There is no scholarship that supports this. It supports early BELIEF in the resurrection, which is not remotely the same thing.

I have not denied that there is a small minority of scholars who believe the Gospels are accurate first person accounts, just as there is a small minority the believes Jesus was completely mythological.

I am talking about the scholarly consensus, which is not what you claim it is. If it was, you wouldn’t be citing an ex-cop as your ain “scholars.”

No, it is the conclusion of science. If the resurrection is not impossible, then it is not a miracle.

Poor reasoning.

If someone says he saw Bigfoot on a rainy day, and we can prove it was raining on the day the alleged sighting took place, that only raises the possibility that Bigfoot exists by the most minute degree.

There is no good way to evaluate the reliability of the Gospels, because they are the only record of almost all the events they recount. Any attempts to go beyond that are junk science.

Could you clarify something: Do you not accept the scholarship that says all the extant Gospels were copied from earlier documents and oral histories that have been lost?

1 Like

I’m curious where you’re getting these estimates of “small minority” from? Did you actually do a survey of the field? How do you know? You’ve repeated this claim multiple times in this thread, but I haven’t seen you discuss the views of any scholar in detail. Rather, your statements are all very general.

Also it’s odd to see you compare people like Richard Bauckham, Craig Keener, Larry Hurtado, Peter Williams, N. T. Wright, F. F. Bruce, Craig Blomberg, and Craig Evans to Jesus mythicists.* All of the former are scholars respected in their field not only by other conservative scholars but also liberal ones. Hurtado, for example, is prof emeritus at Edinburgh. Wright is professor at St Andrews, and respected for his work in many other areas (e.g. the New Perspective on Paul) - a giant in the field of NT studies.

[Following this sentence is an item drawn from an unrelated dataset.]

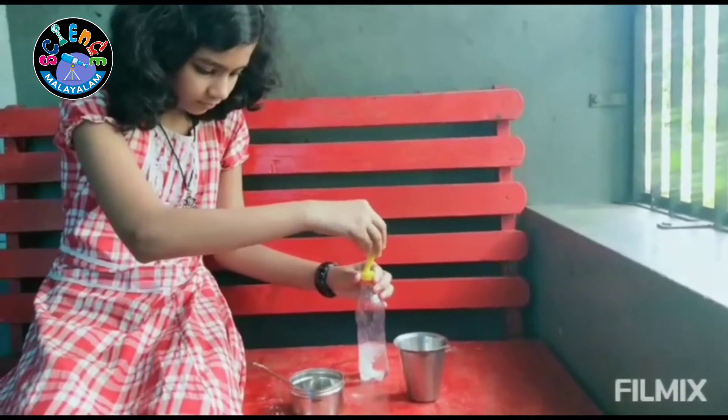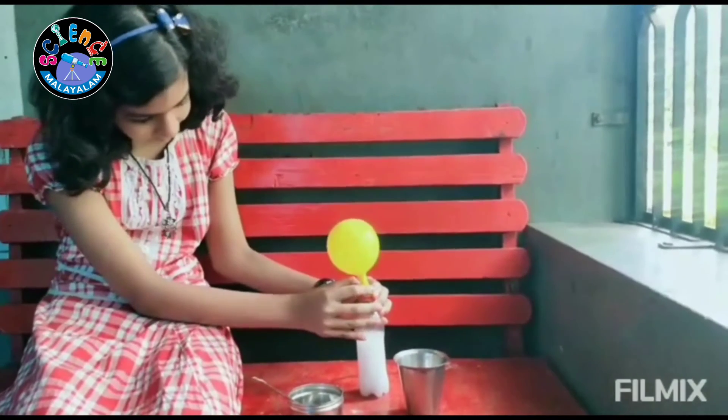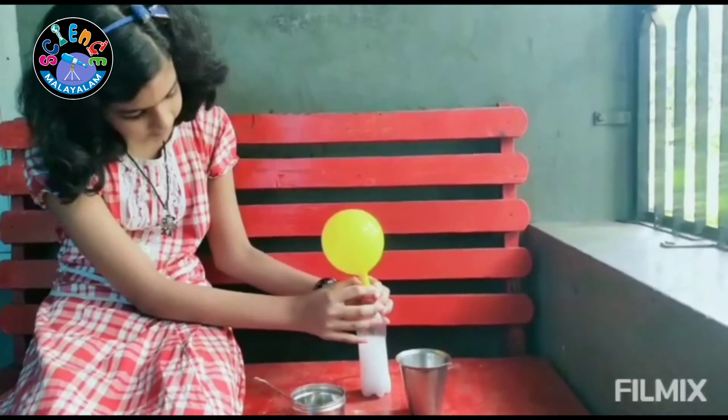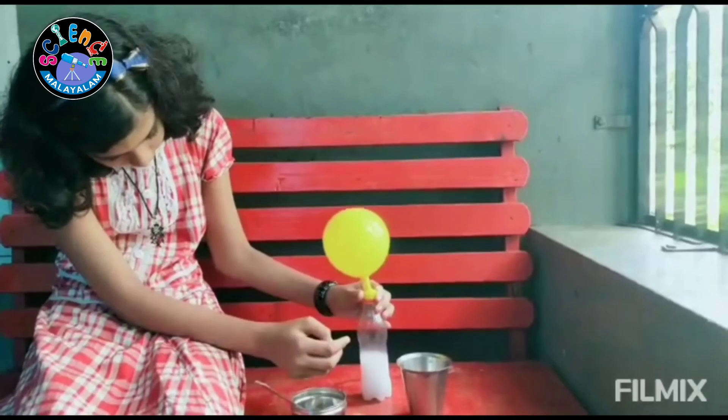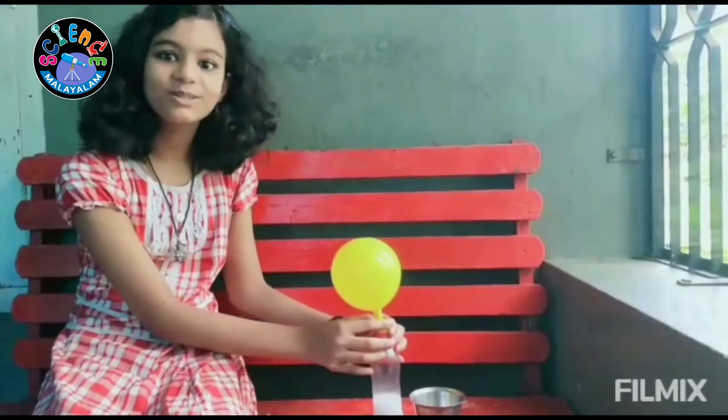And hold like this. Wow, our balloon is inflated!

In contrast, as far as I know, the only scholars who are Jesus mythicists are Robert Price and Richard Carrier, both whose views are acknowledged as fringe. (Carrier doesn’t even have an academic position.) The other advocates of Jesus mythicism are all people who are not considered serious scholars, not even by Bart Ehrman. They are properly called amateurs. @Freakazoid, who is an actual graduate student in NT studies, can corroborate all of this, and possibly add more names. (Please don’t keep bringing up the J. Warner Wallace example, that’s a red herring and distraction. I think Matt, Josh, and I all agree that Wallace is more of an apologist than professional scholar.)

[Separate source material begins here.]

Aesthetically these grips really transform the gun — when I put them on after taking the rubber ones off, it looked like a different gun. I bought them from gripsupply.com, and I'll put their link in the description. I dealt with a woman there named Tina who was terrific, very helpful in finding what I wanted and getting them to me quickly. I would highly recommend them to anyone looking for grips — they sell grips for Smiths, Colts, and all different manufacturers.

The second issue is that it seems you are not fully understanding the argument being made. It’s not that we’re claiming there is a consensus among historians that Jesus was resurrected from the dead. Neither is there a consensus among historians that the Gospels are inerrant. (I’ve seen the word “reliable” used a lot here without a clear definition.) Some scholars (like Ehrman and Dale Allison, if I remember correctly), might affirm various historical facts about Jesus, but think that history can’t prove supernatural events. Still, there’s a difference between that and thinking that the Gospels are completely untrustworthy in anything they say.

Rather, the argument is that if we can establish the historicity of several key events relevant to Christianity, such as

  1. Jesus died via crucifixion.
  2. Jesus was buried in a tomb which was found empty later.
  3. The disciples experienced multiple post-mortem appearances of Jesus.
  4. The belief in Jesus’ resurrection was established early in the Church and became the basis for spreading the new faith.

then one can make a philosophical argument that these facts point to resurrection being a pretty good theory that fits the facts and explained what happened. Do you understand? It’s a two-step argument. The first step is gathering the pieces of the evidence reinforced by scholarly work. The second step is where the argument for Resurrection actually happens.

The question then turns on how much evidence do you need before you can be convinced that something supernatural did actually happen. For some people, that is a crazily high bar, so they will never be convinced by this argument. Maybe for you, even if there is good evidence that points 1-4 are true and you allow that they are not easily explained by any known naturalistic theory, the Resurrection is still too improbable to have occurred. That’s OK! At least be honest about it. There’s no need to pretend that Wright is in the same class as a Jesus mythicist.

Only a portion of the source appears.